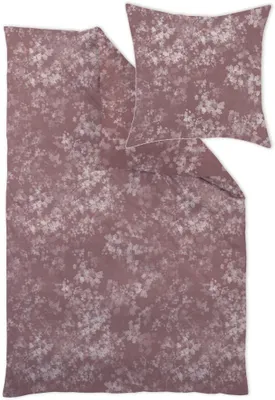 Produktbild von Curt Bauer Mako-Brokat-Damast-Bettwäsche-Garnitur Flora 9060 Farbe rosenbraun Größe 155x220+80x80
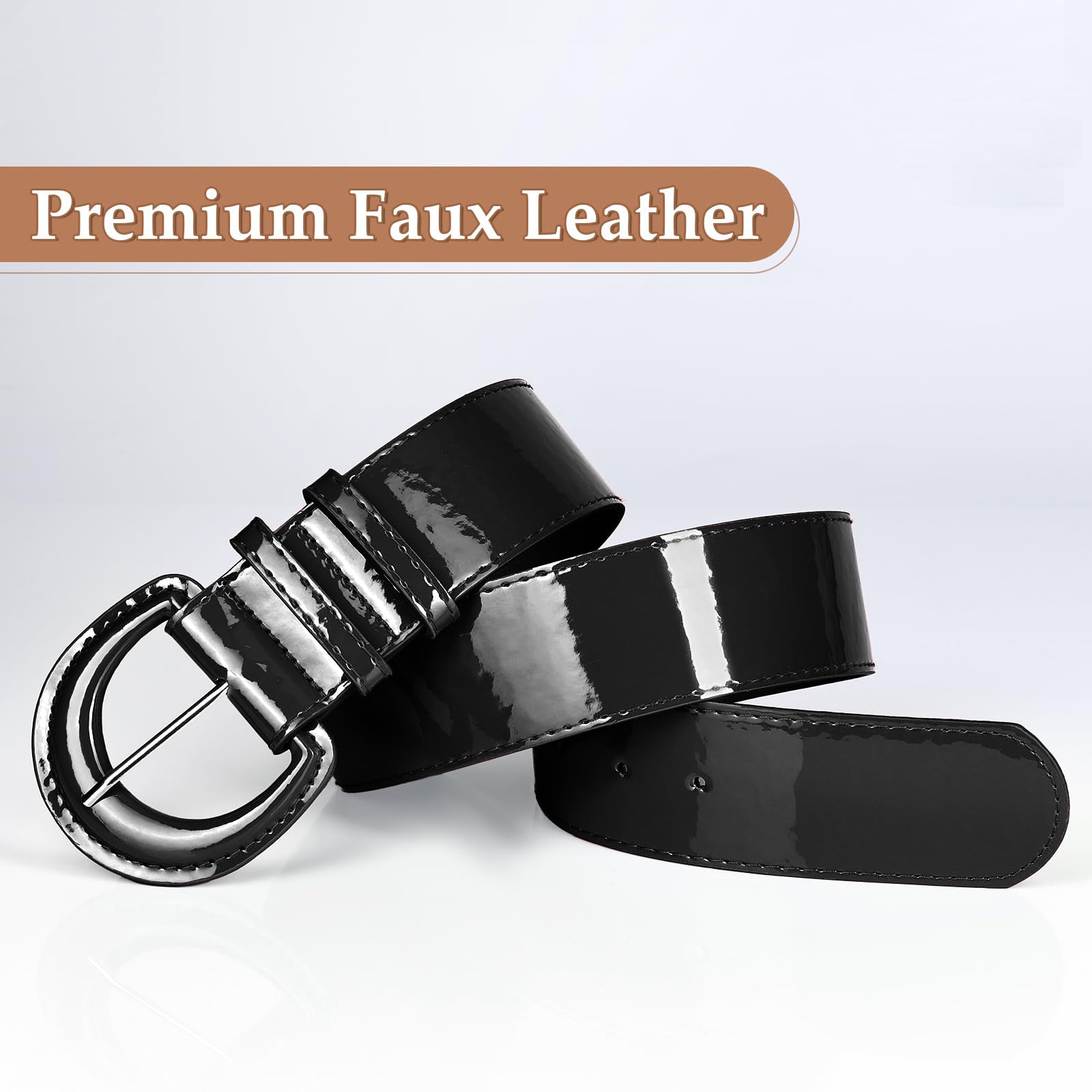 Wide Patent Leather Belt For Coat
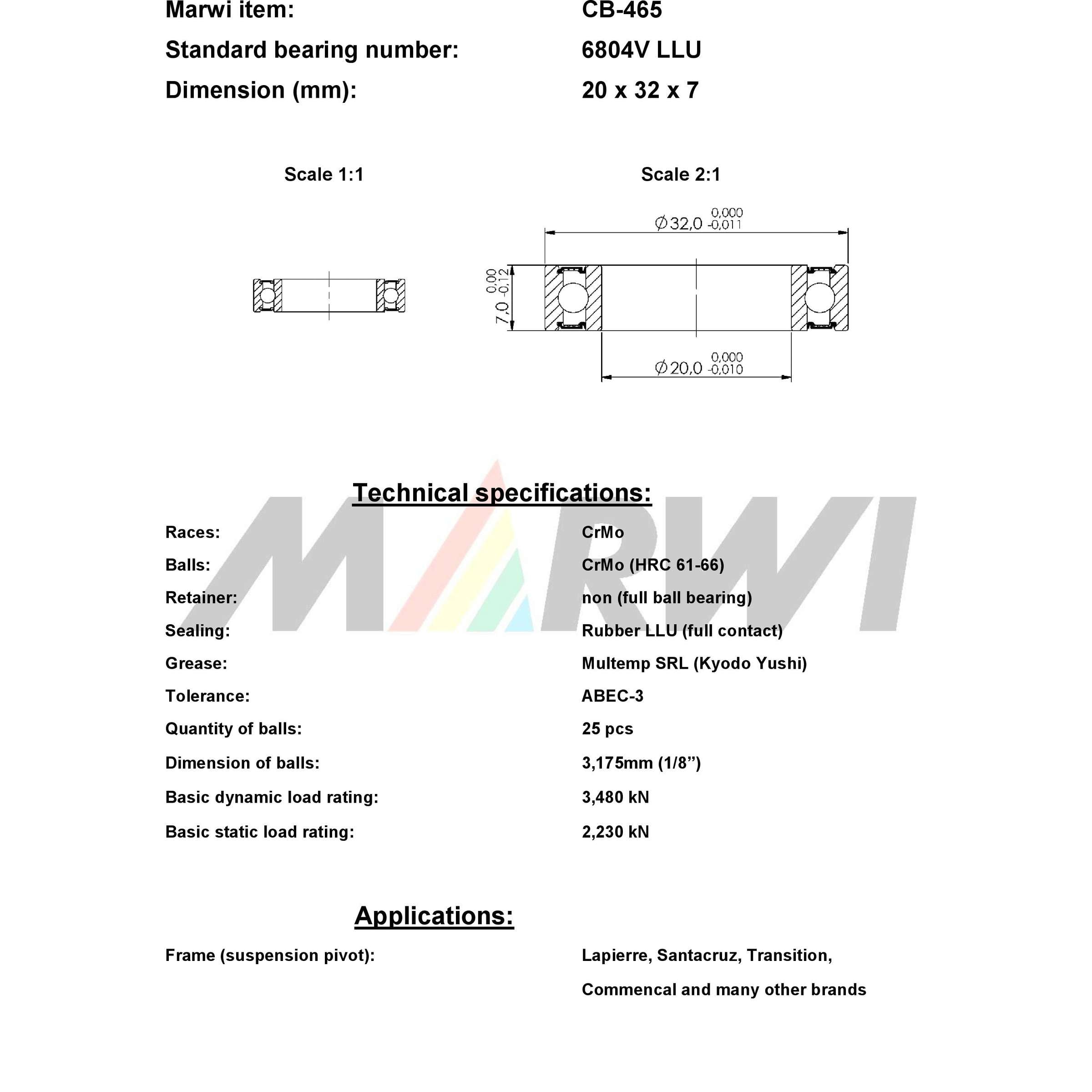 Union kugellager ball bearing cb-465 20x32x7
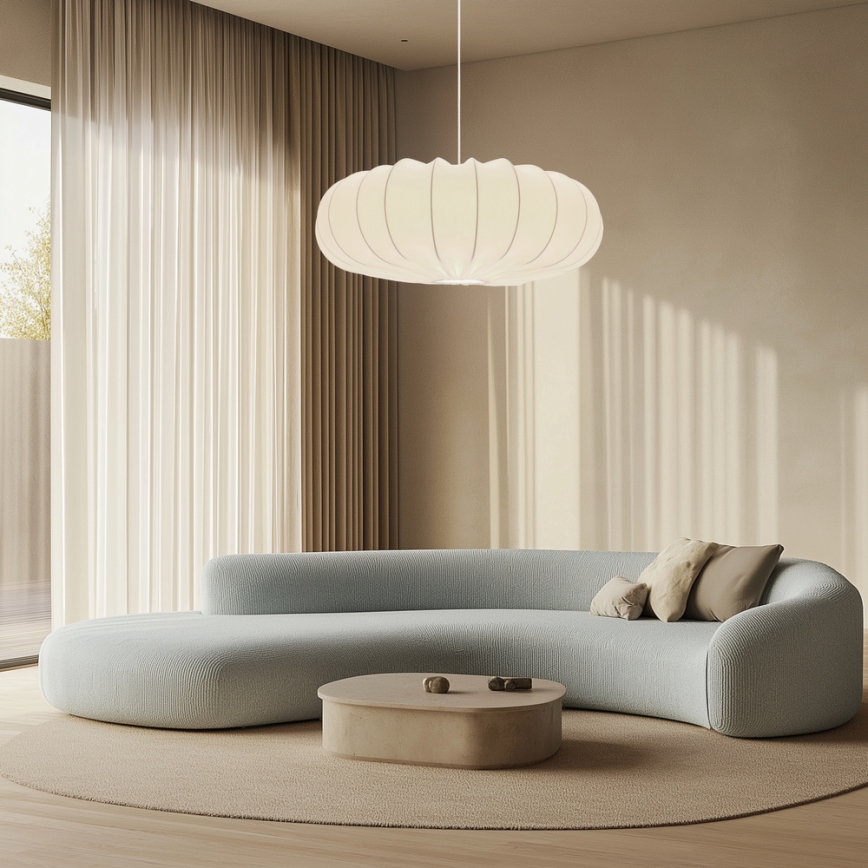 Luster na sajli CAFEE 1xE27/40W/230V prečnik 66 cm beo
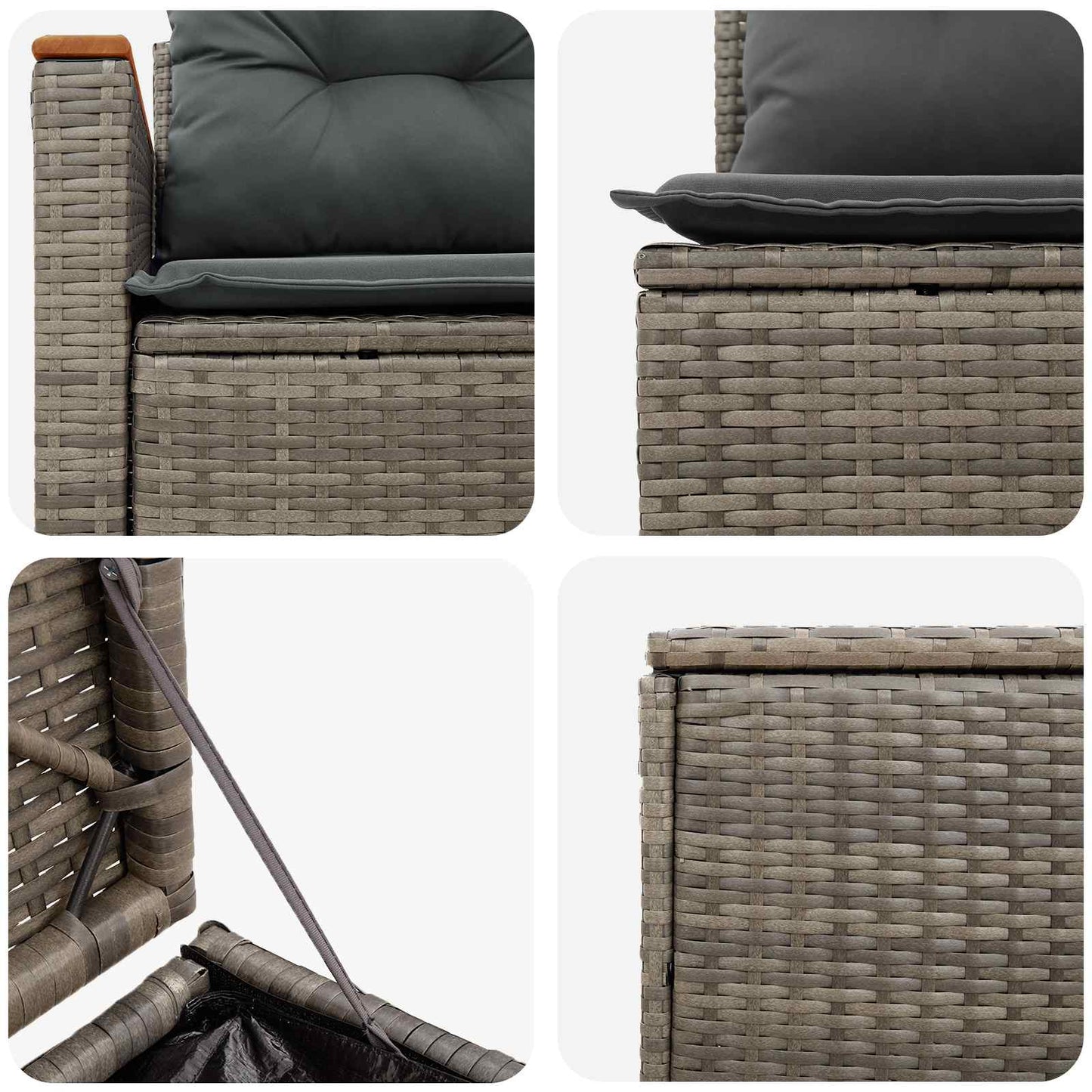 Sofa Set 5 stk. Grau und Dunkelgrau Polyrattan und Stahl
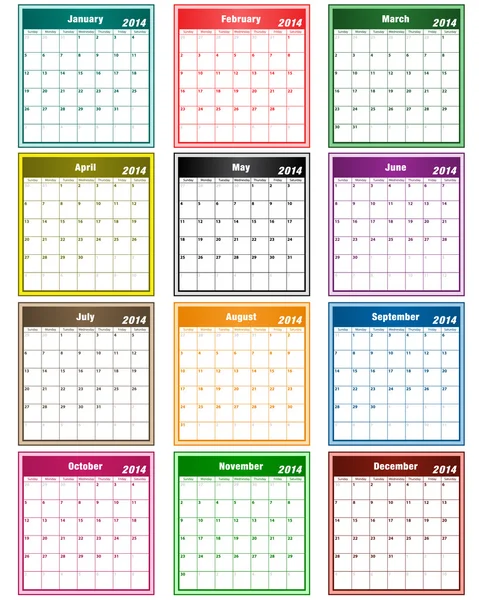 Calendar 2014 assorted colors Stock Vector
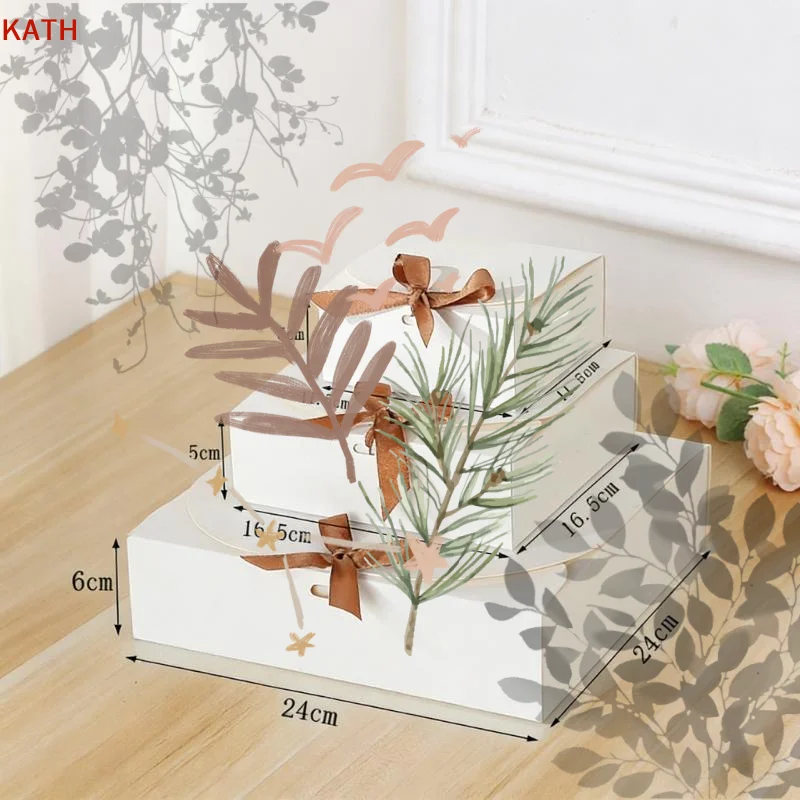 Kraft Paper Gift Box With Satin Ribbon Bow And Sturdy Structure Perfect For Birthday Wedding Holiday Gift Packaging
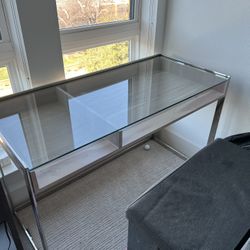 Light brown With Glass Top CB2 desk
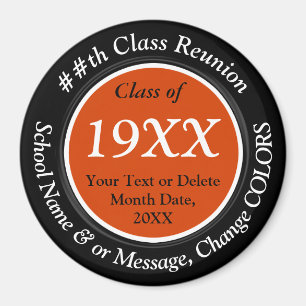 Any YEAR, Orange, Black, Class Reunion Souvenirs Magnet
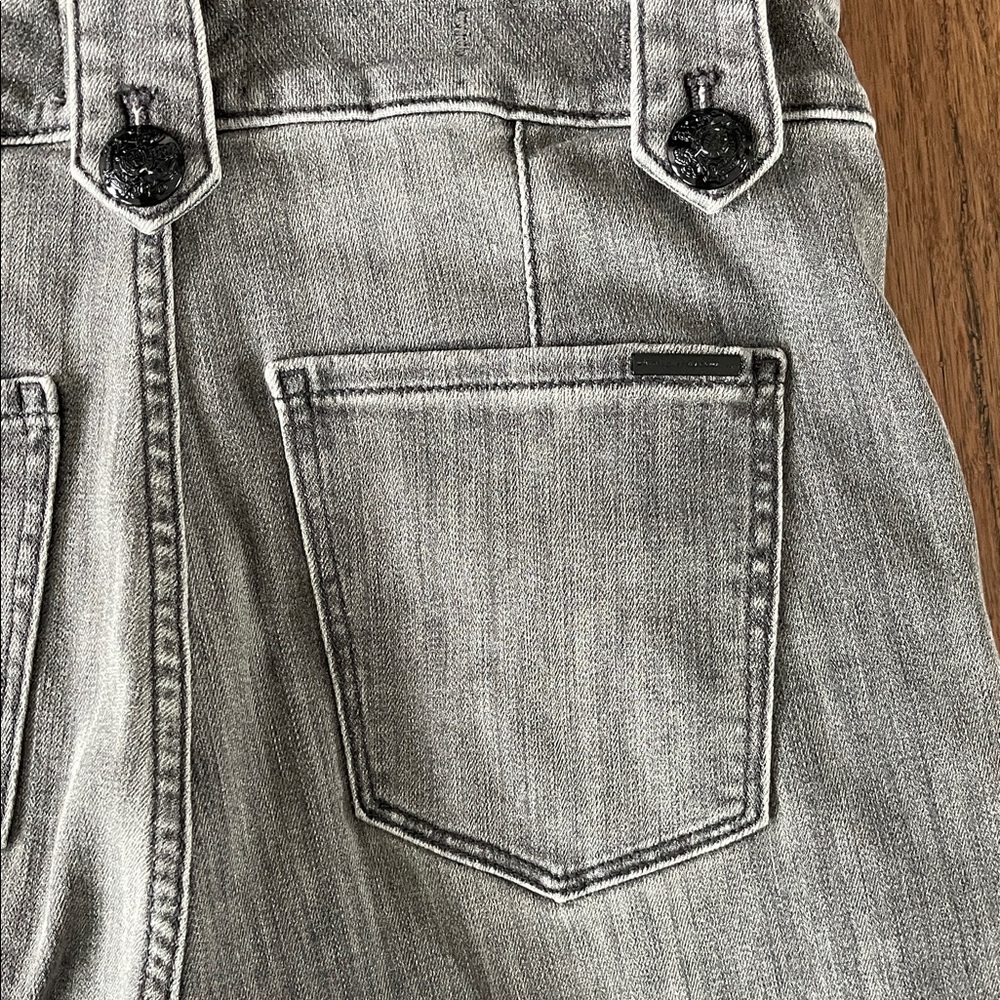 White House Black Market Gray Wide-Leg Flare Jeans with Button Detail - Picture 6 of 7
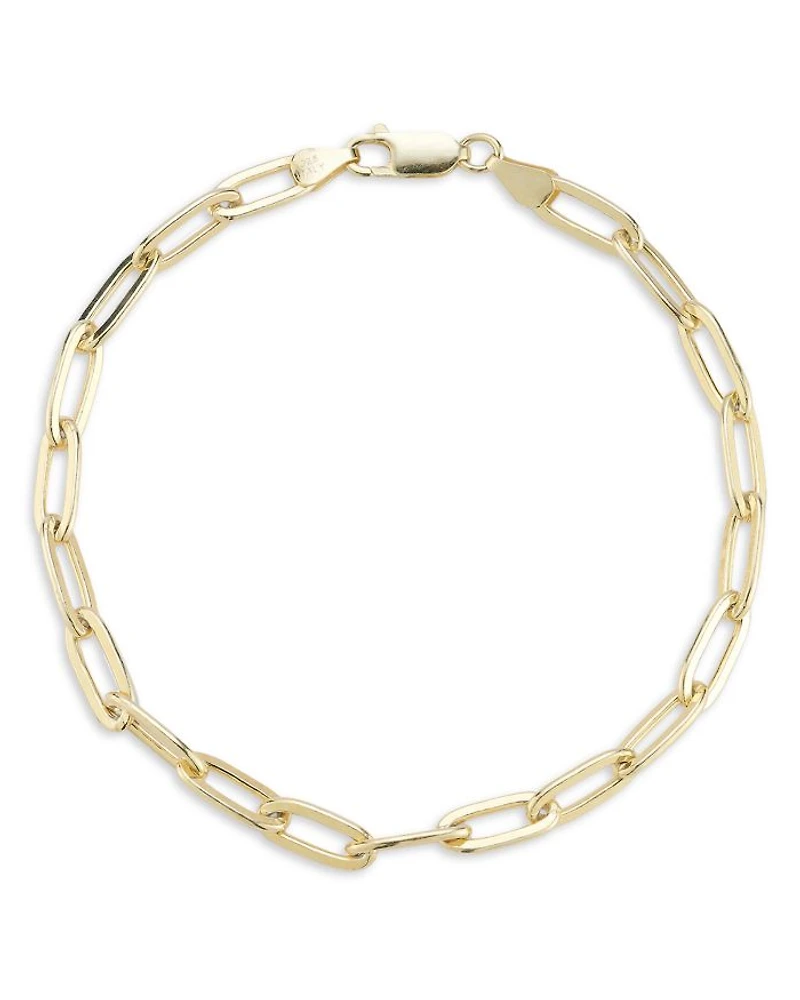 Men's 18K Gold Vermeil 3mm Paperclip Bracelet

_ _ _

> _WHAT IS REQUIRED_: While leaving pictures out, reproduce exactly the lines from the beginning of the listing above through the line containing "Calendar 2014 assorted colors Stock Vector", both ends included.

> _RESPONSE TO THE EXERCISE_:
 Produktbild von Curt Bauer Mako-Brokat-Damast-Bettwäsche-Garnitur Flora 9060 Farbe rosenbraun Größe 155x220+80x80
 Wide Patent Leather Belt For Coat
 Union kugellager ball bearing cb-465 20x32x7
 Luster na sajli CAFEE 1xE27/40W/230V prečnik 66 cm beo
 Sofa Set 5 stk. Grau und Dunkelgrau Polyrattan und Stahl
 Calendar 2014 assorted colors Stock Vector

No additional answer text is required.